Rebellón: Mascots bring whole communities together on the basis of a loveable icon or idea, and that is something every student should be able to experience.

Hulsey: I think the four tribal organization letters of endorsement explain this best, but in short: a mascot is a timeless figurehead for school spirit, that is constant even as teams and coaches change.

SP: It seems that the Kingfisher is pretty popular with the student population. Have you felt supported by the student body? 

Lemberger: The student body loves us, and we love them. We’re thrilled to continue arranging events with such a receptive campus.

Rebellón: Yes, whenever I share merchandise or information with my peers and friends, I’m always met with positivity and intrigue, a good sign in my opinion.

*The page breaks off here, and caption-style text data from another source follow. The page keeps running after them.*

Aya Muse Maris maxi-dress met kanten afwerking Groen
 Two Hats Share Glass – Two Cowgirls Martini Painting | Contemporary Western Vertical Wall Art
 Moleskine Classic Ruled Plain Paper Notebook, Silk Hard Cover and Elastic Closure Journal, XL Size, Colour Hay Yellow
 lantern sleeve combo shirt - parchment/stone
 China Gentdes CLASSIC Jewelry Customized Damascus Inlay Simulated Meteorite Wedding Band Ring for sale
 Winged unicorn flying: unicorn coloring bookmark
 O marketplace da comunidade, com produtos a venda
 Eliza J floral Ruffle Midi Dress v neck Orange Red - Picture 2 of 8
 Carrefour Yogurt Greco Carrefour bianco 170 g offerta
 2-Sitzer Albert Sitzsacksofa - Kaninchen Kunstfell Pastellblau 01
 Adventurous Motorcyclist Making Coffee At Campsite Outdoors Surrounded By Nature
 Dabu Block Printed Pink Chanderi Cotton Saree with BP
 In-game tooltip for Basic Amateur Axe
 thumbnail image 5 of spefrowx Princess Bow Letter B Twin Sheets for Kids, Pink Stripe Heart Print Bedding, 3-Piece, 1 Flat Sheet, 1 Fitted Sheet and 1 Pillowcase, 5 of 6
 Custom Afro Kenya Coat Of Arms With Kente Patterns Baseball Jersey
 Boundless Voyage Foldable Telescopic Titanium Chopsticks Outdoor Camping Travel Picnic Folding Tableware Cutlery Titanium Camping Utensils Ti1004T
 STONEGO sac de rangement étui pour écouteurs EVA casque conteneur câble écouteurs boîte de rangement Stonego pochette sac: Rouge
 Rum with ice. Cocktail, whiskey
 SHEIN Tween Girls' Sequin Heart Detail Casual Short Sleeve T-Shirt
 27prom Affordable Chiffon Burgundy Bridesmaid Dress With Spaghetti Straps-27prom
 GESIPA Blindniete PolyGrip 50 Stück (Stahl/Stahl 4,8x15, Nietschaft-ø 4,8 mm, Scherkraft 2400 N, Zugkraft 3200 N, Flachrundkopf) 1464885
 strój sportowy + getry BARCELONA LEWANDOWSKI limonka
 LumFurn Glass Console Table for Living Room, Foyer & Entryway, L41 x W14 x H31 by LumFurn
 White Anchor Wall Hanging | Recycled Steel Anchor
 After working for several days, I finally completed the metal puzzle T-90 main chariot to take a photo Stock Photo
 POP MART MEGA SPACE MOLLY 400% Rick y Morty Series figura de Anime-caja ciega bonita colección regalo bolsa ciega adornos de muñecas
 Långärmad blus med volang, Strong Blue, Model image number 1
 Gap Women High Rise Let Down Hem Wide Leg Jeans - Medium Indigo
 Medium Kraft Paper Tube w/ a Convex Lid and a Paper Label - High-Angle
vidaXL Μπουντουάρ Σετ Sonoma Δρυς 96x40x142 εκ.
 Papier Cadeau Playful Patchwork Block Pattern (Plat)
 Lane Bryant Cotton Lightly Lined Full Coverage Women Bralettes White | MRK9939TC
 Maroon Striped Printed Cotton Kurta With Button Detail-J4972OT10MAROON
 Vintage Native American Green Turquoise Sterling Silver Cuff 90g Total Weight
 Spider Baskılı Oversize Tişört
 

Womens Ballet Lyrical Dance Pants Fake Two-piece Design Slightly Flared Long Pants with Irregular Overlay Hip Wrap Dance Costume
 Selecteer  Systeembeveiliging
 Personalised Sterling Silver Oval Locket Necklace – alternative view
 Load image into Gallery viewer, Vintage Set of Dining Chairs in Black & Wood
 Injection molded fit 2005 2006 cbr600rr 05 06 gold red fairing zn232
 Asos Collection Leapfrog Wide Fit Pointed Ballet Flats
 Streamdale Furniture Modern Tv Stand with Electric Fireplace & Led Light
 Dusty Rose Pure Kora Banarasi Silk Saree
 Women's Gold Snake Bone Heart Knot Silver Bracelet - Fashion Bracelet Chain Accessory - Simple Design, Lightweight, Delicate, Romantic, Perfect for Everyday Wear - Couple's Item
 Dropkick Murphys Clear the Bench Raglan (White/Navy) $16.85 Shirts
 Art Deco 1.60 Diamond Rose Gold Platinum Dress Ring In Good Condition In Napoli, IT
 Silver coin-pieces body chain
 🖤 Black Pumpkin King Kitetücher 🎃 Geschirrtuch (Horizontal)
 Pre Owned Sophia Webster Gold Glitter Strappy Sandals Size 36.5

Hulsey: We’ve had such a great time at the triathlon, hockey, and rugby games and have been met with nothing but warmth from the community. I am so incredibly lucky that every time I am nervous about a campus showing, our community — not just students, but alumni, faculty, and staff — has proven me wrong time and time again. 

Three girls in Taylor swift t-shirts stand around the table with the Kingfisher mascot. They appear to be making friendship bracelets.
Spencer Hulsey

SP: What is your favorite place on campus? 

Hulsey: Loomis.

Rebellón: My favorite place on campus is the Main Library because I find it fascinating that our school has the one of the largest college libraries in the world. Also, the water at the Main Library is so crisp, fresh, and enjoyable. I love finding books and navigating my way through the Main Stacks and the ginormous moveable racks, it makes me feel so adventurous.

Lemberger: My favorite place on campus is the Native American House. The people there are very welcoming and their events are always fun and well put together.